AT&T Next Up: Like Apple's iPhone Upgrade Program, AT&T's upgrade program Next Up requires customers make 50% of the payments on their 24-month installment plan, and then trade in their phones at the end of the 12-month period. But AT&T's program, which doesn't include AppleCare+, has a $5-per-month surcharge.

Sprint Early Upgrade: Sprint lets shoppers upgrade to a new iPhone after 12 payments, only if they've opted to join its Early Upgrade service within 30 days of the device's activation. Sprint's program, which doesn't include warranty service on a broken iPhone, also carries a $5-per-month surcharge.

T-Mobile Jump: After T-Mobile customers make 12 months worth of payments on a 24-month installment, they can upgrade to a new iPhone with T-Mobile Jump.
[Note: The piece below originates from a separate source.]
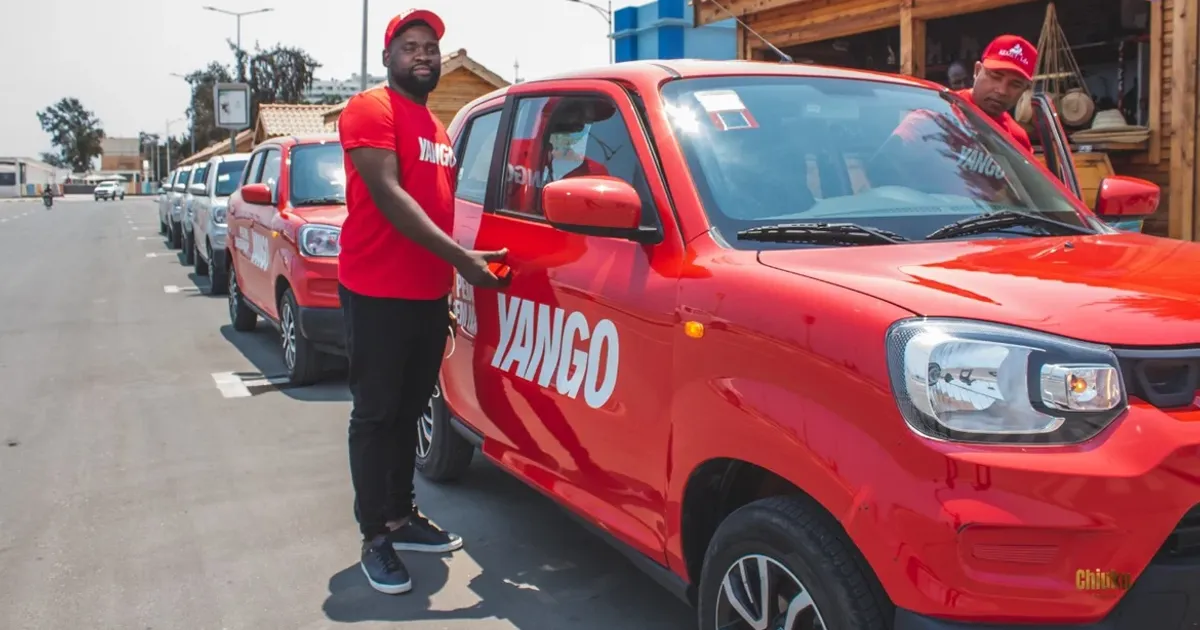 Yango Angola lança novo sistema de segurança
Unlike its competitors, T-Mobile also provides damage coverage on the iPhone included in the device's monthly installment fee. The carrier also requires customers return their devices in good working condition after the 12-month period.

Verizon Annual iPhone Upgrade Program: Verizon's upgrade option also requires customers make 50%, or 12 months worth of payments, on a 24-month installment plan before they get a new iPhone. The program also requires that customers upgrading to a new iPhone trade in their existing phone within 30 days of the purchase of a new device. AppleCare+ also is not included in the offer.